YOUR GOAL:
Your job is to set down the stretch of entries that opens with the line containing "Purilite Select Smart" and closes with the line containing "Heartina 3 pcs set L/XL". Keep both end lines, copy each exactly, and add nothing.

RECORD EXTRACTS:

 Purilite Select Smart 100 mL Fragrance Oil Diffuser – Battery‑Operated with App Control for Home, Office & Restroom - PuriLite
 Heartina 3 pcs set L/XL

---

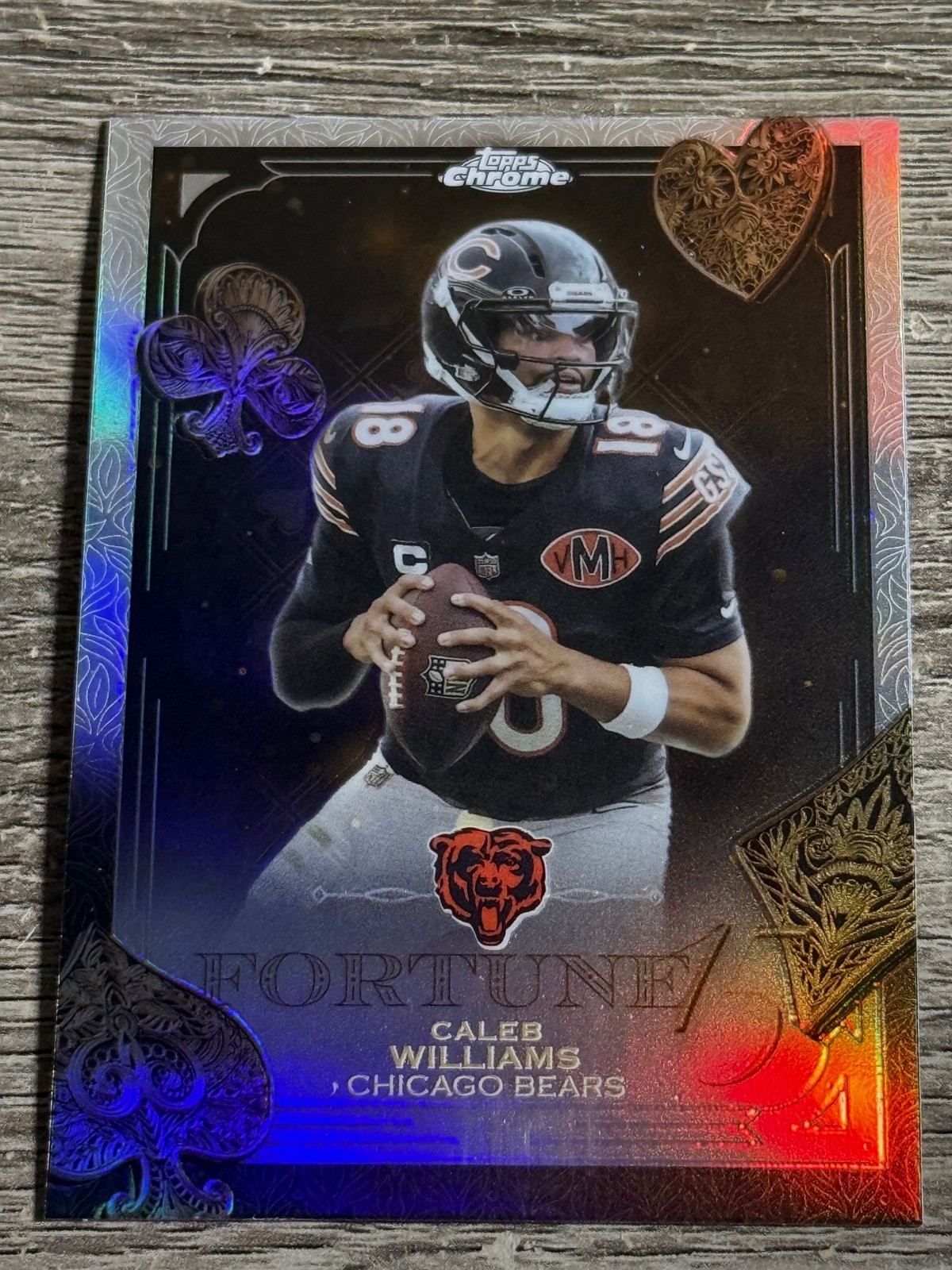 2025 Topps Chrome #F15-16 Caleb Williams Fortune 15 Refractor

REPLY TO THE EXERCISE:
 Purilite Select Smart 100 mL Fragrance Oil Diffuser – Battery‑Operated with App Control for Home, Office & Restroom - PuriLite
 Heartina 3 pcs set L/XL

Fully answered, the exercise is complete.